Tuesday, one committee heard testimony from experts who warned that not enough money has been devoted to homeland security. "If there is another attack, and I think there will be, it's only a question of time," said Warren Rudman, a former Republican Senator, who co-chaired a special commission examining threats to national security, "and we have a catastrophe [and] we are unable to help our citizens after all the warnings we received, I will put it bluntly, there will be hell to pay for those people who are policymakers."

Congressman David Obey says most Democrats agree the United States must complete its mission in Iraq.
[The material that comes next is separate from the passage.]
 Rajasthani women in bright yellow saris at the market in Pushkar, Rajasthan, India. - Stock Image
However, he says Americans are increasingly nervous about how much money this will require.

"There are prices to be paid for this miscalculation," he said. "To me, if we are going to pay the amount I think we're going to pay out for Iraq, then we cannot afford to be giving $88,000 tax cuts to people who made a million dollars next year."

Senate minority leader Tom Daschle told reporters Democrats are developing what he calls their "legislative strategy" on the president's Iraq funding request. But he says they will be asking many questions as the spending bill makes its way through Congress.
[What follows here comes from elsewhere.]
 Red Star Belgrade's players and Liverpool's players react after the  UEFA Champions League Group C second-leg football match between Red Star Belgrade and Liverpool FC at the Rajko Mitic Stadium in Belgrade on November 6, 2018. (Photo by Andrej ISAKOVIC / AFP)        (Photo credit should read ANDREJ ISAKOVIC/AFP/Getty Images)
Some of these came during a Senate Armed Services Committee hearing Tuesday, from Senator Robert Byrd (Democrat) who warned he would not "rubber stamp" the Iraq funding request.
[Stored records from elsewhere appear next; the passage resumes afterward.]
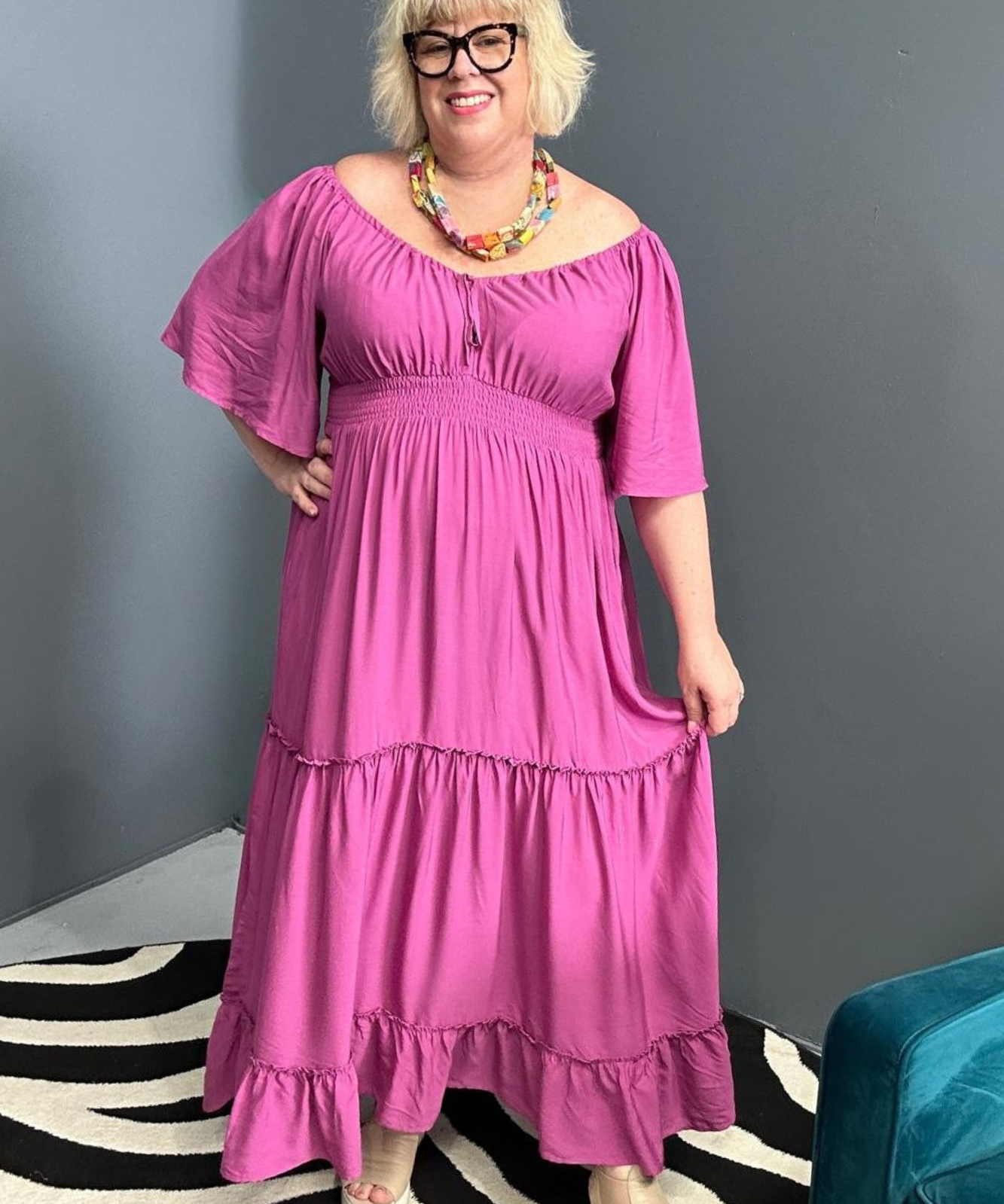 Plus-size fuchsia dress with a soft, flowy fit.
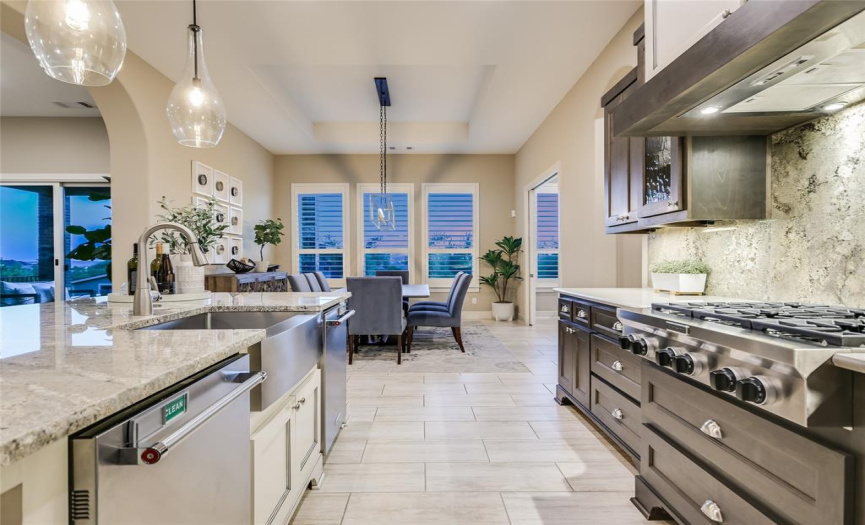 Equipped with 2 dishwashers, top-of-the-line appliances, and a “working” pantry, you will love the upscale and practical features of the kitchen.  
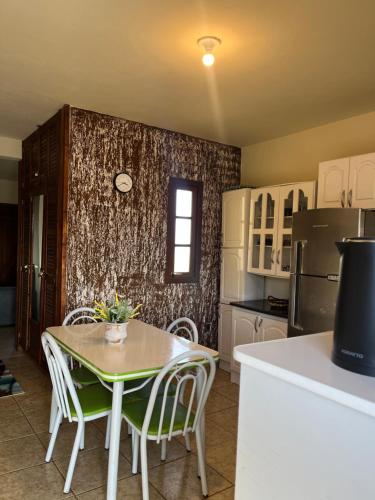 una cucina con tavolo, sedie e frigorifero di Apartamento amplo 300m da praia a São Lourenço do Sul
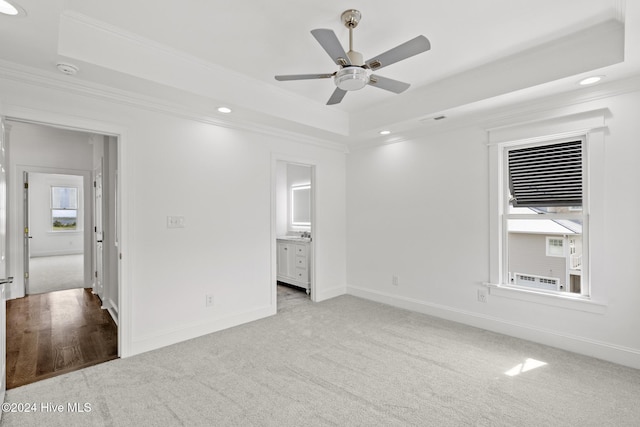 unfurnished bedroom with ensuite bathroom, ceiling fan, a raised ceiling, light colored carpet, and crown molding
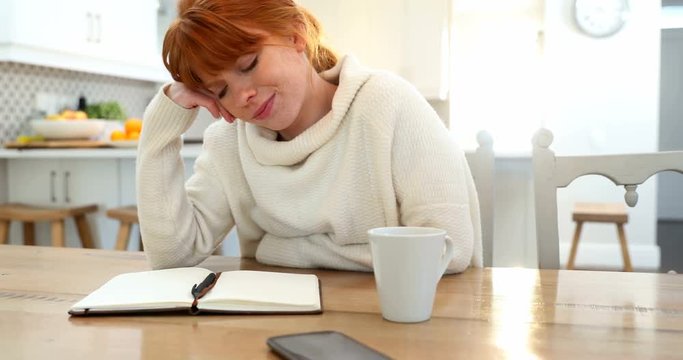 Beautiful woman writing in organizer at table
"Congress has serious questions. The American people have serious questions. And we ought to have answers," he said.

At the same hearing, Arizona Republican John McCain, questioned administration expectations about the prospect of internationalizing Iraqi operations.

Mr. McCain had this exchange with Marc Grossman, State Department Undersecretary for Political Affairs.

McCain: Do you have any idea as to when we could expect the first international troops to arrive in Iraq?

Grossman: No sir, but...

McCain: You have no idea?

Grossman: I only have no idea because it would depend on the [U.N.] security council resolution and I can only say to you sir. . .

McCain: So we cannot count on an immediate infusion of international forces into Iraq. Is that correct?

Grossman: I think I can't tell you, of the three or four countries that are waiting for a security council resolution, precisely what day that they will come.

McCain: Thank you. I'm not asking for precisely what day, could you tell me [in terms of] years?

Grossman: If the security council resolution passes sir, in the next few weeks, I can't imagine that it would be years.

The administration's $87 billion request for Iraq, which also includes money for Afghanistan, is likely to be approved by Congress. But if Democrats have their way it won't be without numerous hearings and intense debate.

And congressional aides say even Republican lawmakers believe that at this stage, the president needs to give American taxpayers detailed plans for Iraq and what they may have to expect in the long-run.